**Task instructions:**
In the records below, reproduce exactly the lines from the one containing "Family group sitting" through the one containing "Blue Sapphire Tsavorite", both included, and omit the pictures.
[Opening Data listing section]
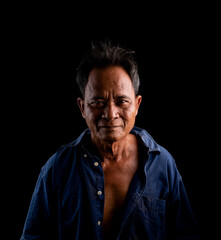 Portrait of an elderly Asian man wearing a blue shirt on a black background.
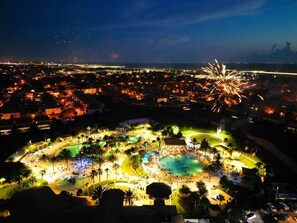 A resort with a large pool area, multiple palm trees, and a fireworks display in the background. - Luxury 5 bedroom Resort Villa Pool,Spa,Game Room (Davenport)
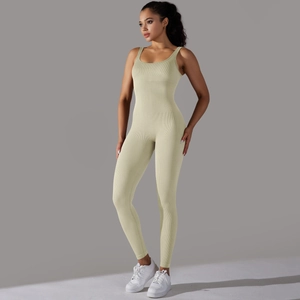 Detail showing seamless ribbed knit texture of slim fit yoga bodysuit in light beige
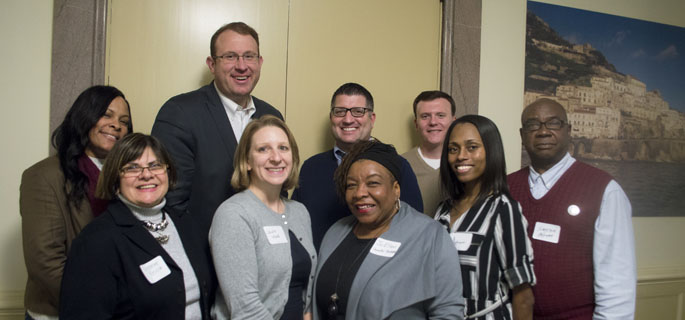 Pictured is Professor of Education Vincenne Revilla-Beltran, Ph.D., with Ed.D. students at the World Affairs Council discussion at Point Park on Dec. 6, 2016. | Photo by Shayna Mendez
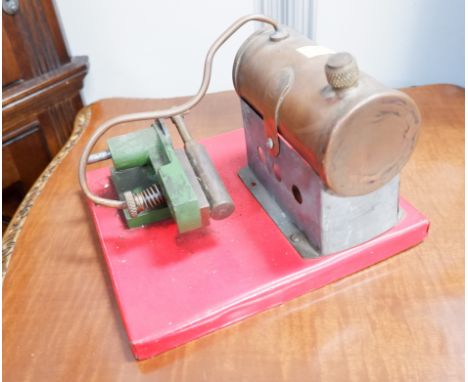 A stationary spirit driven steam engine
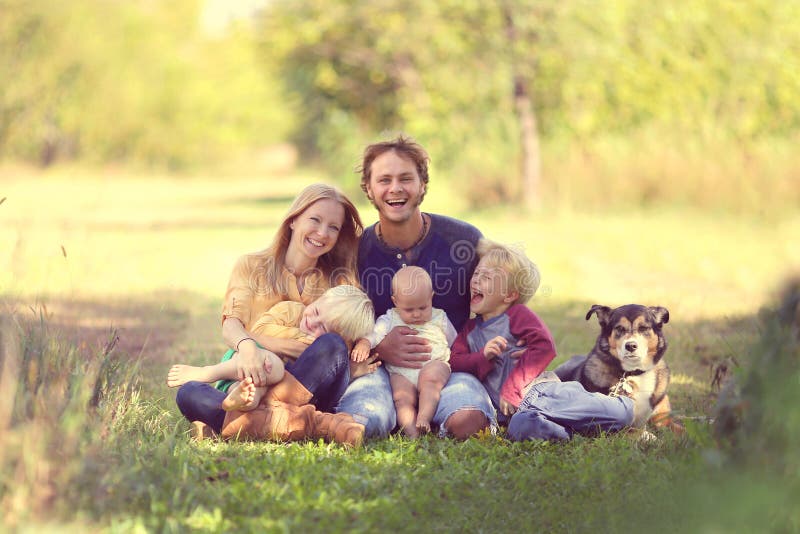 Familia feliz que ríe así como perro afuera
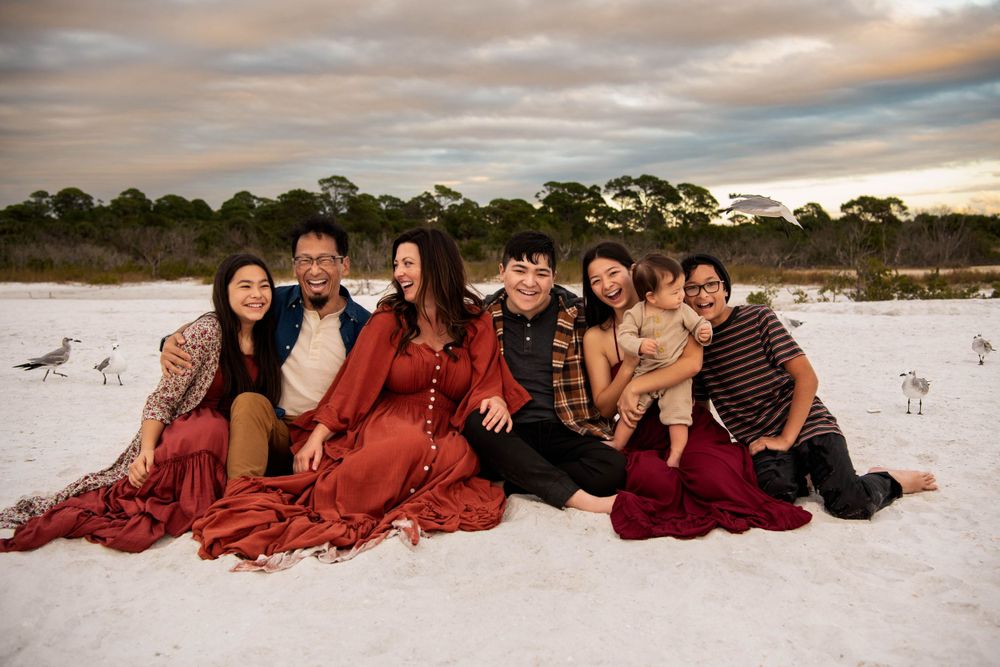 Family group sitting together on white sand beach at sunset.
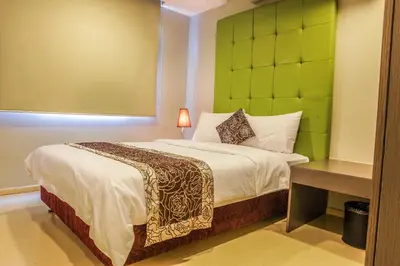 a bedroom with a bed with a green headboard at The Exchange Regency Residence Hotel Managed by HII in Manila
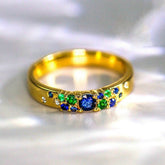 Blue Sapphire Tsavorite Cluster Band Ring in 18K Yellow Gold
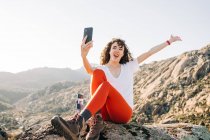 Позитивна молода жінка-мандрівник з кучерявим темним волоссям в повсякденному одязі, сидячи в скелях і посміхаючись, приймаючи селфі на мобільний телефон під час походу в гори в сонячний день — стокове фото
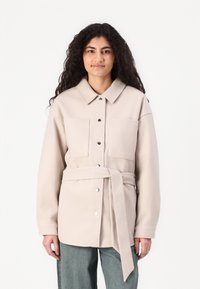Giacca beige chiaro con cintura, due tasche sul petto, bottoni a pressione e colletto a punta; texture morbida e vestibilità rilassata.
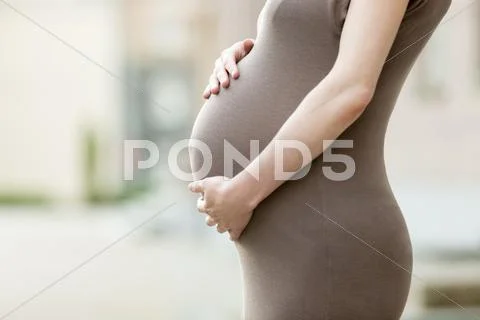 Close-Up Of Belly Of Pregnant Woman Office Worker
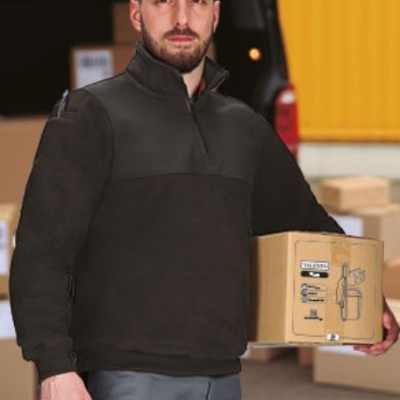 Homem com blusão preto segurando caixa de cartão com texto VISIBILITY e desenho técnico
[Closing Data listing section]
**Written reply:**
 Family group sitting together on white sand beach at sunset.
 a bedroom with a bed with a green headboard at The Exchange Regency Residence Hotel Managed by HII in Manila
 Blue Sapphire Tsavorite Cluster Band Ring in 18K Yellow Gold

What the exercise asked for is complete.